Supplied data ▸
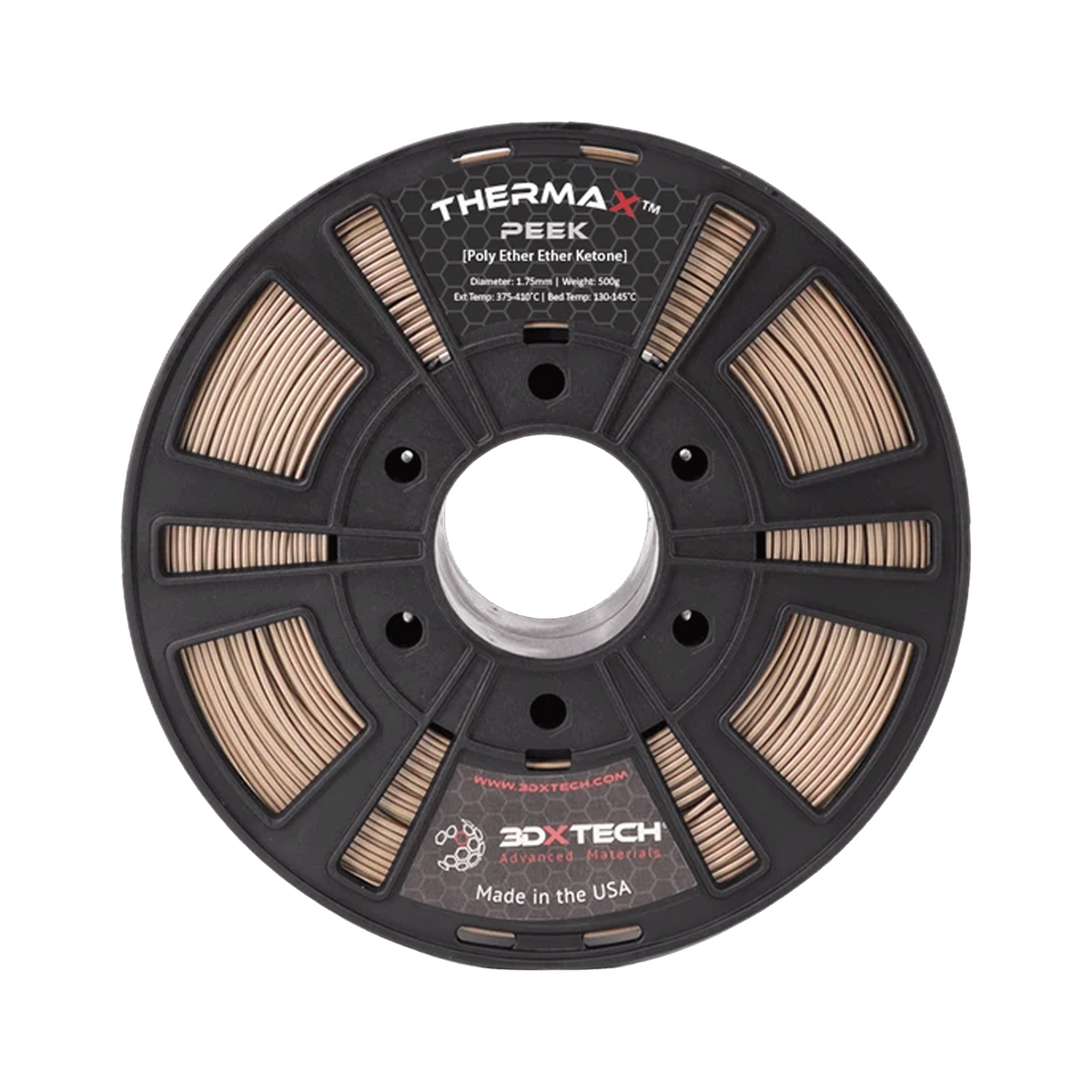 3DXTech ThermaX PEEK 1.75mm Filament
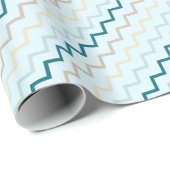 Ein Muster bunter Zickzacklinien Geschenkpapier (Rolleneckpunkt)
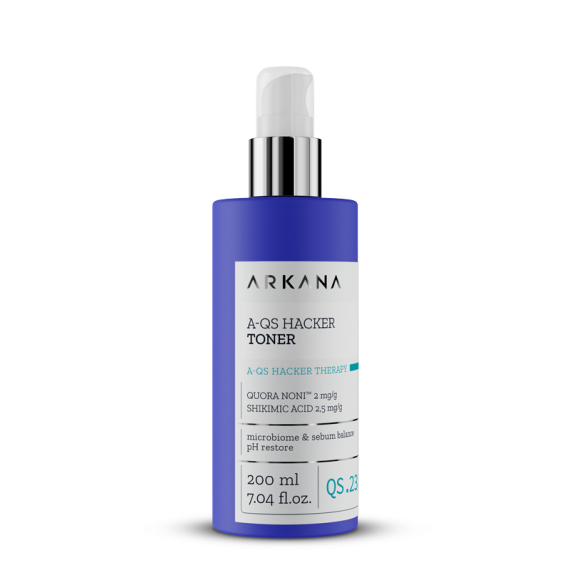 Arkana A-QS Hacker Toner Tonik Do Oczyszczania Skóry z Zaburzonym Mikrobiomem 200 ml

The problem ▸
Repeat the listing exactly, minus its pictures.

Solved problem ▸
 3DXTech ThermaX PEEK 1.75mm Filament
 Ein Muster bunter Zickzacklinien Geschenkpapier (Rolleneckpunkt)
 Arkana A-QS Hacker Toner Tonik Do Oczyszczania Skóry z Zaburzonym Mikrobiomem 200 ml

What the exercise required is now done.